Click the box next to the AMI you want. Click Launch. The [Instances](usingcasa.ipynb#instances) section of this document covers starting instances.



##### Geographic Locales

AWS has the concept of [Regions and Zones](http://docs.aws.amazon.com/AWSEC2/latest/UserGuide/using-regions-availability-zones.html) in which Instances, EBS volumes, S3 buckets, and other resources are run. So an S3 bucket may be in region us-west-2 and not directly accessible if another IAM User is currently using us-east-1. However, a user may select the region they run in. And users may also duplicate some resouces across regions if access latency is the concern. To find the latency from your computer to all the AWS regions, try the cloudping tool: http://www.cloudping.info.



##### AMIs are Region-specific

An AWS AMI User can only use AMIs stored in its region. However, [copying an AMI](http://docs.aws.amazon.com/AWSEC2/latest/UserGuide/CopyingAMIs.html#ami-copy-steps) to another region is straightforward. The copy gets a new AMI-ID, so it effectively becomes a new AMI; the original AMI-ID is appended to the new AMI\'s \"Description\". The new AMI always starts out private and may need to be made public. (It takes about 15 minutes after making an AMI public for it to show up in a search.) In every other way, it is a duplicate of the original.

To make the image public, select the AMI and from the \"Actions\" menu and pick \"Modify Image Permissions\". As in this image select \"Public\" and click Save.



***





#### Storage 

AWS provides four basic forms of storage that vary by speed, proximity to their associated instance (which impacts latency/performance), and price.

The sections below describe storage in roughly the order of proximity to the instance. To first order each, subsequent type decreases in both performance and cost with Glacier being the slowest and cheapest. EBS may be the most commonly used.



##### Instance Store

Instance stores are solid state drives physically attached to the hardware the instance is running on that are available only on certain instance types. (Use of instance stores is beyond the scope of this document, although more information is available at this AWS page.) It is indirectly the most expensive form of storage since instance types with instance store capacity also include extra processor cores and memory. Cost effectiveness is a function of whether the extra cores and memory are utilized. Instance stores do not use redundant hardware. Instance stores cannot preserve their data after their instance stops.

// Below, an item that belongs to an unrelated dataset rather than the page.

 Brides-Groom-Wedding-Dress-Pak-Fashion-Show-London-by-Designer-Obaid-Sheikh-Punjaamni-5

##### Elastic Block Storage (EBS)

EBS is connected to instances via high speed networks and is stored on redundant hardware. EBS persists independently after a compute instance terminates (although it may be set to terminate instead). EBS storage can be allocated during the creation of an instance, or it may be created separately and attached to an existing instance. It may be detached from one instance and re-attached to another, which is potentially useful where the processing requirements for one stage of processing (e.g., calibration and flagging) are substantially different from a later stage (e.g., imaging).

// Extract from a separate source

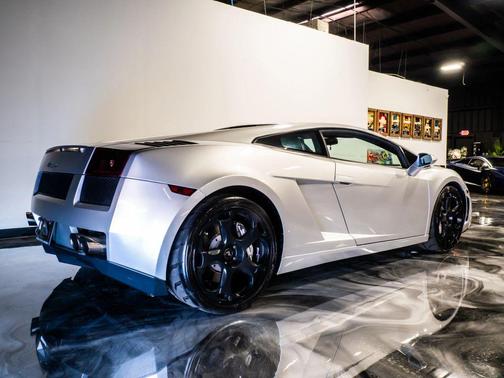 2004 Lamborghini Gallardo Coupe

##### Simple Storage Service (S3)

S3 storage is an object level store (rather than a block level store) designed for medium to long-term storage. Most software applications like CASA do not interact directly with S3 storage. Instead, one of the AWS Interfaces to S3 is used. Typically, S3 is used to temporarily store data before moving it to an EBS or Instance store volume for processing. Or it is used as long term storage for final products. As of this writing, S3 storage costs range from \$150 - \$360 TByte/year, depending on whether data is flagged as infrequent access. Longer term storage utilizes Glacier storage.



##### Glacier

Glacier is the lowest cost AWS storage. Data within S3 can be flagged for migration to glacier where it is copied to tape. As of this writing, Glacier storage costs roughly \$86 TByte/year. Retrival from Glacier takes \~4 hours.



***





#### Instances 

An instance is effectively a single computer composed of an OS, processors, memory, base storage and optional additional data storage



##### Instance Types

Amazon has predefined over 40 instance types. These fall into classes defined roughly by processing power, which are further subdivided by total memory and base storage.

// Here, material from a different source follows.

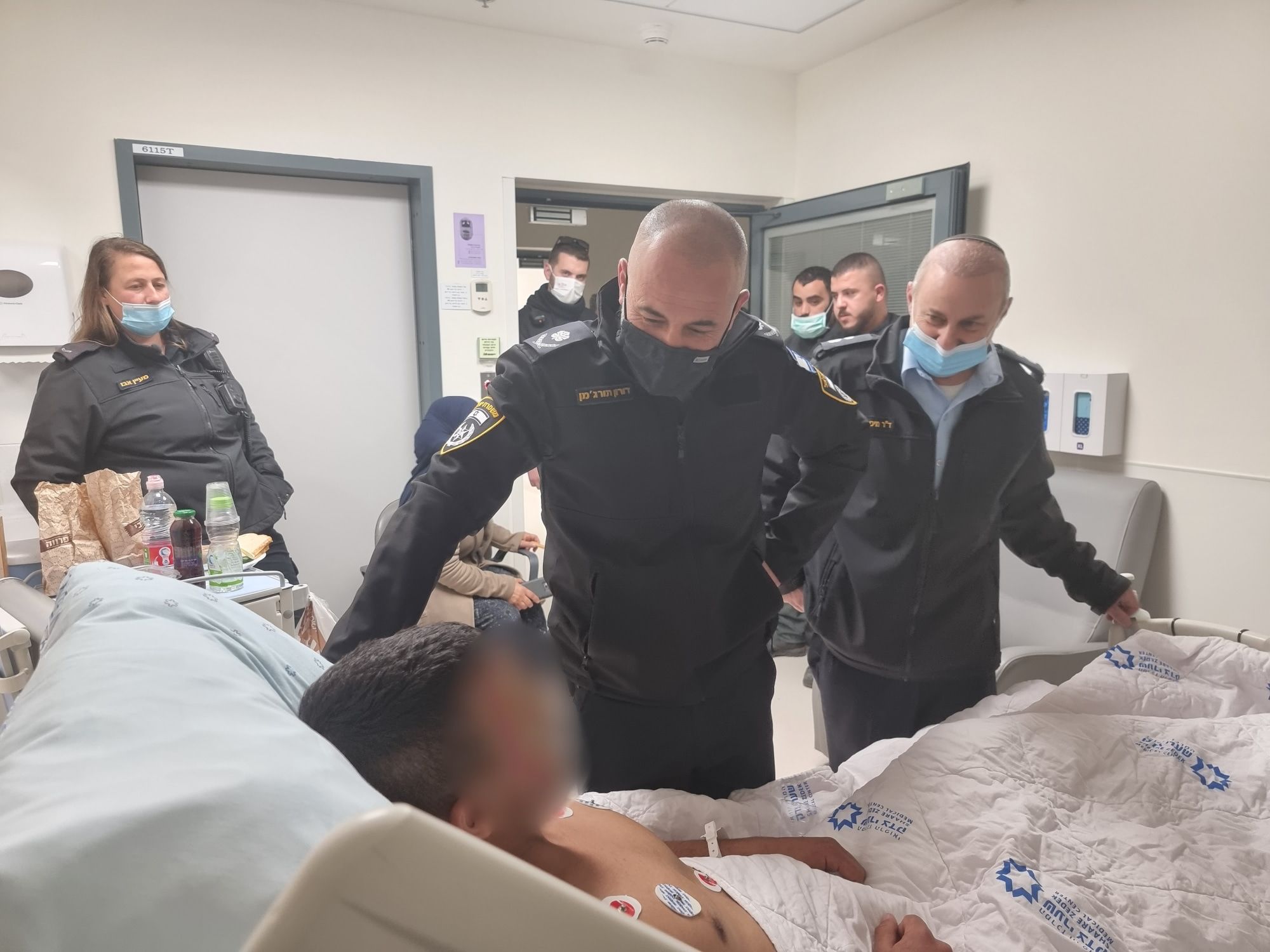 מפקד מחוז ירושלים ביקר את השוטר הפצוע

[Click here to see a list of all Linux instance types with their number of  virtual CPUs (vCPU), total memory in GBytes of RAM, and the type of storage utilized by the instance type.](https://aws.amazon.com/ec2/pricing)

Note the \"vCPU\" is actually a hyperthread, so 2 \"vCPU\" equal one core, e.g. m4.xlarge has 2 cores. (These prices are for on-demand instances.)



##### Starting Instances

CASA requires \>=4GB/core. Storage can be EBS. Because AWS has hyperthreading turned on, each \"vCPU\" is one hyperthread and therefore 2 vCPUs essentially equal 1 physical core. Some experimentation may be required to optimize the instance type if many instances are to be used. This can have a very significant impact on total run time and cost. The 4GB per physical core rule should be sufficient to get started.



##### Choosing a Payment Option: On-demand vs. Spot

Choosing an on-demand instance (the default) guarantees you the use of that instance (barring hardware failure).

There is also a Spot Price market; [click here to read about it](https://aws.amazon.com/ec2/spot/pricing/). The price of an instance fluctuates over time as a function of demand.  AWS fills spot requests starting at the highest bid and working down to the lowest, the bid price paid by all spot users is the bid price reached when all resources were exhausted.  When you request a spot instance you submit a bid for those resources.  If that bid exceeds the current spot price, then the spot instance will launch and continue to run as long as the spot price remains below the bid. Typically, the spot price is much less than the on-demand price, so bidding the on-demand price typically permits an instance to run its job to completion. During the time it runs, it is billed only at the running spot price, not the bid, so the savings can be considerable.  If the spot price rises above your bid your instance will be terminated.  Be warned, if demand is excessive for that particular instance type and you bid 2x or more of the on-demand price you run the risk of the spot price rising to that level.  Over bidding the demand price is most useful for very long running jobs where it\'s considered acceptable to pay more for brief periods while minimizing the risk that the instance will be terminated due to a low bid.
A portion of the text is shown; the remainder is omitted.